Finery forge

Hearth (left) and trip hammer (centre) in a finery forge. In the back room (right) is a large pile of charcoal.

A finery forge is a hearth used to fine (i.e., produce) wrought iron, through the decarburization of the pig iron produced by blast furnaces. Finery forges were used as early as 3rd century BC, based on archaeological evidence found at a site in Tieshengguo, China.[1] The finery forge process was replaced by puddling process and the roller mill, both developed by Henry Cort in 1783-4, but not becoming widespread until after 1800.[2]

History

A finery forge was used to make wrought iron at least by the 3rd century BC in ancient China, based on the earliest archaeological specimens of cast and pig iron fined into wrought iron and steel found at the early Han Dynasty (202 BC – 220 AD) site at Tieshengguo.[1] Pigott speculates that the finery forge existed in the previous Warring States period (403–221 BC), because of the wrought iron items from China dating to that period and there is no documented evidence of the bloomery ever being used in China.[1] The fining process involved liquifying cast iron in a fining hearth and removing carbon from the molten cast iron through oxidation.[1] Wagner writes that in addition to the Han Dynasty hearths believed to be fining hearths, there is also pictoral evidence of the fining hearth from a Shandong tomb mural dated 1st to 2nd century AD, as well as a hint of written evidence in the 4th century AD Daoist text Taiping Jing.[3]

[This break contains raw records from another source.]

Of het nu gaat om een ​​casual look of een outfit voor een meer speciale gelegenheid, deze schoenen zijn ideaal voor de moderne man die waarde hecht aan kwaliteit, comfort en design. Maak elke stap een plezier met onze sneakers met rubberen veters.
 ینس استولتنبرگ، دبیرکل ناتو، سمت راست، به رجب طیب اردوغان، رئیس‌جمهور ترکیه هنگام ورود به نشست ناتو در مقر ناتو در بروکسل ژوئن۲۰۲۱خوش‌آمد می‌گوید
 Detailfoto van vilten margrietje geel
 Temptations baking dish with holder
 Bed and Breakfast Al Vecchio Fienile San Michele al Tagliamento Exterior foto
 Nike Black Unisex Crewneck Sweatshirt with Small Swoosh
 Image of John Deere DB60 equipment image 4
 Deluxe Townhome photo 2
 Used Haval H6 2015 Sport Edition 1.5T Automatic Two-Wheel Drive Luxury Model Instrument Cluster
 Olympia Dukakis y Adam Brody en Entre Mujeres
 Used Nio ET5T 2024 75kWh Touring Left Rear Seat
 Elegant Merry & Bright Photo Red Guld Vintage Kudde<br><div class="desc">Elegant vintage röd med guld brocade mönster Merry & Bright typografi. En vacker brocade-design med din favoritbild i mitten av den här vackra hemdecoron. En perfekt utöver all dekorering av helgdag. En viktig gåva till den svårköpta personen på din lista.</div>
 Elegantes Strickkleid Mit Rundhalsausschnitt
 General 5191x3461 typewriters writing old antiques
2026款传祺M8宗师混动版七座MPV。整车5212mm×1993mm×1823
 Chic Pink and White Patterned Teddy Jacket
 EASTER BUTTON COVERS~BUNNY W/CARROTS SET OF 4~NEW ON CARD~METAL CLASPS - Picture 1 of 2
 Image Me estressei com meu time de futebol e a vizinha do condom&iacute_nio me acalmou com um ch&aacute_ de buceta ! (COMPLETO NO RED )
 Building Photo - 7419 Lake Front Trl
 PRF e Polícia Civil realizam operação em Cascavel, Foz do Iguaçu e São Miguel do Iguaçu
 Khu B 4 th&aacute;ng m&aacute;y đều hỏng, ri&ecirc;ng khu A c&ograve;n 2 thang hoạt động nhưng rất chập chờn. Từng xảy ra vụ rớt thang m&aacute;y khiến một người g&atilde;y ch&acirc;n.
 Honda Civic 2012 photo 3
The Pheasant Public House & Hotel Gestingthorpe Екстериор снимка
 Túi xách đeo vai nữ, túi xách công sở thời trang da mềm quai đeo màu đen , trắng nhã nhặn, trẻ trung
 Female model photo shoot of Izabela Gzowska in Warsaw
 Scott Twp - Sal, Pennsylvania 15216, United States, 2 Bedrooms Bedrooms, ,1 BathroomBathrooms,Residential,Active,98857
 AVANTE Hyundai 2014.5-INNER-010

In Europe, the finery forge process began to be replaced from the late 18th century by others, of which puddling was the most successful, though some continued in use through the mid-19th century. The new methods used mineral fuel (coal or coke), and freed the iron industry from its dependence on wood to make charcoal.

Types

Interior of the preserved Walloon forge in Österbybruk, Uppland

There were several types of finery forges.

German forge

The dominant type in Sweden was the German forge, which had a single hearth that was used for all processes.

Walloon forge

In Swedish Uppland north of Stockholm and certain adjacent provinces, another kind known as the Walloon forge was used, mainly for the production of a particularly pure kind of iron known as oregrounds iron, which was exported to England to make blister steel. Its purity depended on the use of ore from the Dannemora mine. The Walloon forge was virtually the only kind used in Great Britain.

The forge had two kinds of hearths, the finery and the chafery.

Lancashire forge

Main article: Lancashire hearth

Process

In the finery, a workman known as the "finer" remelted pig iron so as to oxidise the carbon (and silicon). This produced a lump of iron (with some slag) known as a bloom. This was consolidated using a water-powered hammer (see trip hammer) and returned to the finery.

The next stages were undertaken by the "hammerman", who in some iron-making areas such as South Yorkshire was also known as the "stringsmith", heating his iron in a string-furnace. Because the bloom is highly porous, and its open spaces are full of slag, the hammerman's or stringsmith's tasks were to beat the heated bloom with a hammer to drive the molten slag out of it, and then to draw the bloom out into a bar to produce what was known as bar iron. In order to do this, he had to reheat the iron, for which he used the chafery. The fuel in the finery had to be charcoal, because impurities in any mineral fuel would affect the quality of the iron.

References

  1. 1.0 1.1 1.2 1.3 Pigott, Vincent C. (1999). The Archaeometallurgy of the Asian Old World. Philadelphia: University of Pennsylvania Museum of Archaeology and Anthropology. ISBN 0-924171-34-0, p. 186-187.
  2. Ayres, Robert (1989). "Technological Transformations and Long Waves". p. 12.
  3. Wagner, Donald B. (2001). The State and the Iron Industry in Han China. Copenhagen: Nordic Institute of Asian Studies Publishing. ISBN 87-87062-83-6.), pp. 80–83.